Cool. How do you buy them? chemist or something?

Also how much for a vial roughly?


----------



## Vinney (Apr 27, 2011)

i wanna try bring some anavar and HGH back ...


----------



## Barbell mafia (Jan 28, 2011)

s3_abv said:


> Cool. How do you buy them? chemist or something?
> 
> Also how much for a vial roughly?


they are around £1.50/2 a vial they work well but beware of fakes , the pharmacy will try and mug u off !


----------



## Barbell mafia (Jan 28, 2011)

Vinney said:


> i wanna try bring some anavar and HGH back ...

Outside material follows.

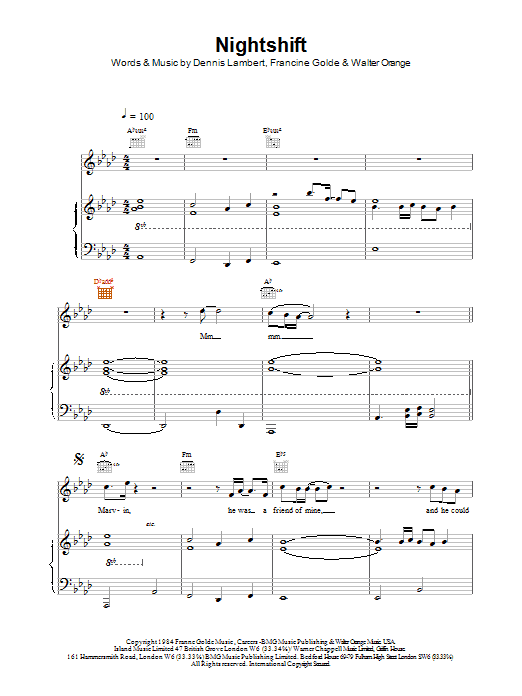 The Commodores Nightshift sheet music notes and chords arranged for Piano, Vocal & Guitar Chords (Right-Hand Melody)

I would'nt bother with them over there all fakes, the only ones worth getting are the cidotestons and Diamond deca!


----------



## Vinney (Apr 27, 2011)

Barbell mafia said:


> I would'nt bother with them over there all fakes, the only ones worth getting are the cidotestons and Diamond deca!


might swerve it then


----------



## Barbell mafia (Jan 28, 2011)

Vinney said:


> might swerve it then


Yea the diamond decas were ace got them for a score , worth twice that amount over here!


----------



## Barbell mafia (Jan 28, 2011)

And a quick tip to watch out 4 is that when u enquire about AAS the over-enthusiastic Dr Ali will throw in a bunch of vials , more often than not they are fakes so u have 2 check each vial properly and line them all up! Also I went to a big pharmacy in Sharm El Sheikh's old market with a poster of kevin levrone on the back so no second guessing what was stocked inside lol! I used the pharmacist's laptop to check each of the products and compared them to the genuine version, and found out around that over 3/4 were fakes so u really need to do ur homework over there Boiz!


----------



## Lurgilurg (Aug 15, 2010)

Let me know how you got on, I'm off out there end of September


----------



## Vinney (Apr 27, 2011)

bit of an update ... i brought a load of gear back ... no probs.


----------



## Lurgilurg (Aug 15, 2010)

Vinney said:


> bit of an update ... i brought a load of gear back ... no probs.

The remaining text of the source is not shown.